Do you have any property besides your primary home? Well, if so—the stamp duty for any such property has mounted. If you have buy to let properties that is worth more than 40,000 UK pounds, stamp duty applicable on them is an additional 3 percent. So say, if your buy to let property investment is 500,000 UK pounds, your stamp duty will be 6 percent (30,000 pounds!)

There is income tax relief on mortgage interest cut

Up till now, the tax reliefs on mortgage interest for buy to let landlords was around 45 percent (marginal rate of the income tax), it is now only at 20 percent. For basic rate tax payers, this is no change, however, it has increased income tax substantially.

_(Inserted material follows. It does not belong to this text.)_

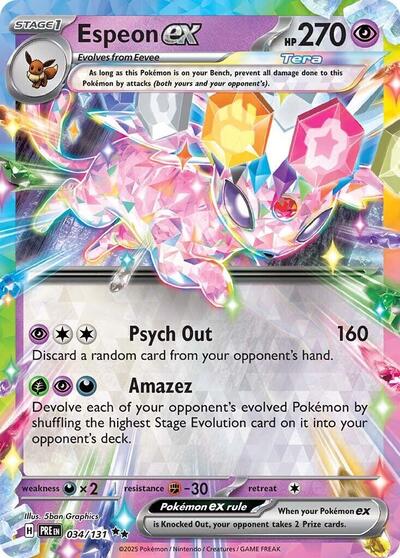 Espeon ex - 034 (SV: Prismatic Evolutions) Near Mint Holofoil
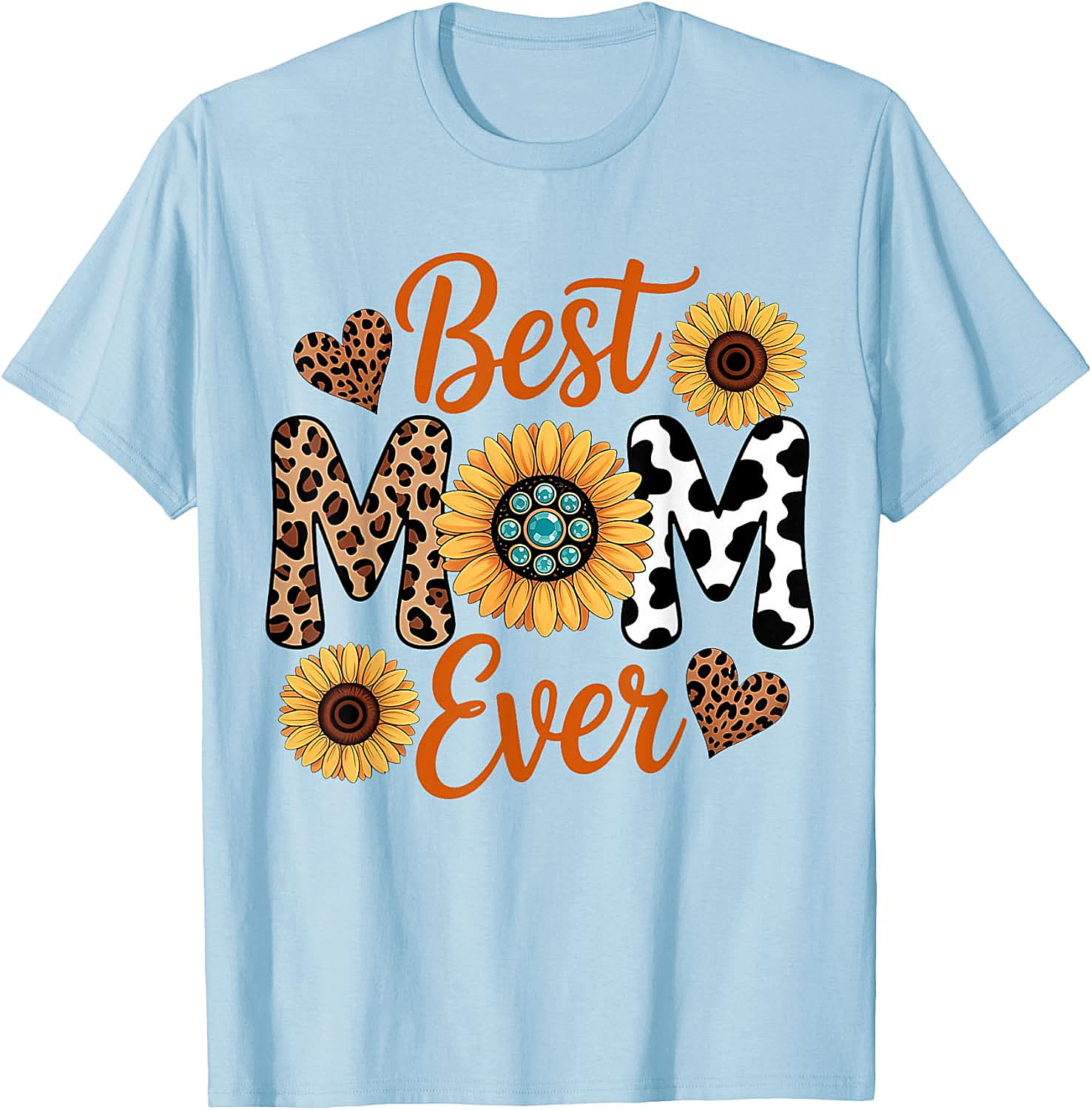 Best Mom Ever Sunflower Leopard T-Shirt Boho Western Tee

There is tax on buy to let turnover—not on income

This might not be an oblivious change, but it sure is a crafty one. This tax makes sit expensive for buy to let landlords. Let’s look in to an example to comprehend the tax: X is a buy to let landlord who currently rents out a house worth 250,000 pounds and earns a gross rental income of around 4 percent. So, that leaves him with 10,000 pounds in a year from rental income. Before the tax being implied, X could deduct 10 percent for the wear and tear, without being accountable for any bills. However, now he needs to have a proof in order to show any expenses incurred for maintenance. Let’s assume, X did not pay a single penny in maintaining the house since it was new. So now, the 10 percent he could have deducted (before new tax implied) can now not be used. With changes in tax, X is still receiving 10,000 pounds from the rental income but paying out 40 percent (4000 pounds) out of it! At the end of the year, X is badly affected by the new tax laws.

The capital gains tax remains unchanged

While capital gains tax remain unchanged, all other investments are now more lucrative. So, if you own a property/house then it still holds attractiveness as there is no capital gains tax if you sell it off. However, for buy to let landlords it is time to switch for other types of investments to look out for better opportunities in the future.